• _ACTIVITY_
Scan the material and copy out each line where the word "closeup" occurs.
━━━━━━━━━━━━━━━━━━━━━━━━━━━━━━
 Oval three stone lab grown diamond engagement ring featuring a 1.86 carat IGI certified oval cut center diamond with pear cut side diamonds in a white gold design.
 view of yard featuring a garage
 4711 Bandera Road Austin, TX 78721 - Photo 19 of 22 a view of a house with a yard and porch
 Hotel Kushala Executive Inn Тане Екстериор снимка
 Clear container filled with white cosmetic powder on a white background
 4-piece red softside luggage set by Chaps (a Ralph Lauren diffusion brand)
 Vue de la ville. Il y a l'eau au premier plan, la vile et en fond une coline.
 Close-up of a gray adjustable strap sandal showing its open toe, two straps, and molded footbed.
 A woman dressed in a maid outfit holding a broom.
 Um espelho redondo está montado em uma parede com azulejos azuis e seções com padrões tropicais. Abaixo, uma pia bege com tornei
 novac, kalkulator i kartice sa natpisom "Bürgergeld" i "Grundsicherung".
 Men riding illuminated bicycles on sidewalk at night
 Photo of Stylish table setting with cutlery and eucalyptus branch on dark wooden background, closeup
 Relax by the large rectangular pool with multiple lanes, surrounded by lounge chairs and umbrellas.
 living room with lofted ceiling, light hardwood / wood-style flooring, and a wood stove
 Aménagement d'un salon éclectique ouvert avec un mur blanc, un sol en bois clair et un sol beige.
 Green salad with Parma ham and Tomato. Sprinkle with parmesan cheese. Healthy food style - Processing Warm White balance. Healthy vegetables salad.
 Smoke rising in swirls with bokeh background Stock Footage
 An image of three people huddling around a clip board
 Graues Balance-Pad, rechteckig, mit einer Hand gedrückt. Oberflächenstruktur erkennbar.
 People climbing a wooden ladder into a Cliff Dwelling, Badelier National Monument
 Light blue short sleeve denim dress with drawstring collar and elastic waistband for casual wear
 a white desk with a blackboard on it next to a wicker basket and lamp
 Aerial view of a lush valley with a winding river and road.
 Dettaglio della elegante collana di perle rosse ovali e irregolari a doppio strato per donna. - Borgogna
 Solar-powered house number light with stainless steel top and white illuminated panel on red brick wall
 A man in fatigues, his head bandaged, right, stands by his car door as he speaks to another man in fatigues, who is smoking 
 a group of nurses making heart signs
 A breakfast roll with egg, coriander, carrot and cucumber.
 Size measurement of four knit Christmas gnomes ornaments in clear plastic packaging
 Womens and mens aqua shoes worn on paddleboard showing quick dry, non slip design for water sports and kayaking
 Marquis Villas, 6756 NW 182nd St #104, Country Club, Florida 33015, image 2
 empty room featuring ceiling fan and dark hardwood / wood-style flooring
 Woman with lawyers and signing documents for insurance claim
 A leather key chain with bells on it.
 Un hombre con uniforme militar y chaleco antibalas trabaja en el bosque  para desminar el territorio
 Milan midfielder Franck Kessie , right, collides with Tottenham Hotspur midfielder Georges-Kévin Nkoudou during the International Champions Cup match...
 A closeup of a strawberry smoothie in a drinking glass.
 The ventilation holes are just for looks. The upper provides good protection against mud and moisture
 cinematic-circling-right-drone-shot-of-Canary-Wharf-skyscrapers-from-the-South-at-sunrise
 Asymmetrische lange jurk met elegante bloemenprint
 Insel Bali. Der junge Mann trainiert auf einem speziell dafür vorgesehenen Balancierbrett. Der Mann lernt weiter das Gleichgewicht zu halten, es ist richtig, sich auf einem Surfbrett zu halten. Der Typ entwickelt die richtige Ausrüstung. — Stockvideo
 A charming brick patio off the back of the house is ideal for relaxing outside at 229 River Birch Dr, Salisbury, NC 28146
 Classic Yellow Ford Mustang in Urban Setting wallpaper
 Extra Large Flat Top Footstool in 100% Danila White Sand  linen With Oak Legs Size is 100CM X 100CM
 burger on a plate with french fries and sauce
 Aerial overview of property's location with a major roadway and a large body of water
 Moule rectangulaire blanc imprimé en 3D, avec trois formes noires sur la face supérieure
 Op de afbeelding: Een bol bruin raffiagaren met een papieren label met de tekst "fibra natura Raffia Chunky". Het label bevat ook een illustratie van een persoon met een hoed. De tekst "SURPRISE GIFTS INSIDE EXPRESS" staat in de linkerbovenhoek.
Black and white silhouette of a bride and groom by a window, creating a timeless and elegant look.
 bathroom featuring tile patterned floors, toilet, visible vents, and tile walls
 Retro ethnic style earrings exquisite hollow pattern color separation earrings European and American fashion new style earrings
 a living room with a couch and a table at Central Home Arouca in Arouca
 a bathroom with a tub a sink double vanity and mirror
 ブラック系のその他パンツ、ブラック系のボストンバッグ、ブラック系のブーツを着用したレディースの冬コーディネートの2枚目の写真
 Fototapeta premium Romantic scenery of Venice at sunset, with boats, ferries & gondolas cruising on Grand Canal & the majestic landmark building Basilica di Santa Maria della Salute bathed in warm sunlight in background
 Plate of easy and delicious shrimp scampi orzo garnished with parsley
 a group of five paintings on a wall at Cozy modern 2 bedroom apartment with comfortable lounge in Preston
━━━━━━━━━━━━━━━━━━━━━━━━━━━━━━
• _WRITTEN SOLUTION_
 Photo of Stylish table setting with cutlery and eucalyptus branch on dark wooden background, closeup
 A closeup of a strawberry smoothie in a drinking glass.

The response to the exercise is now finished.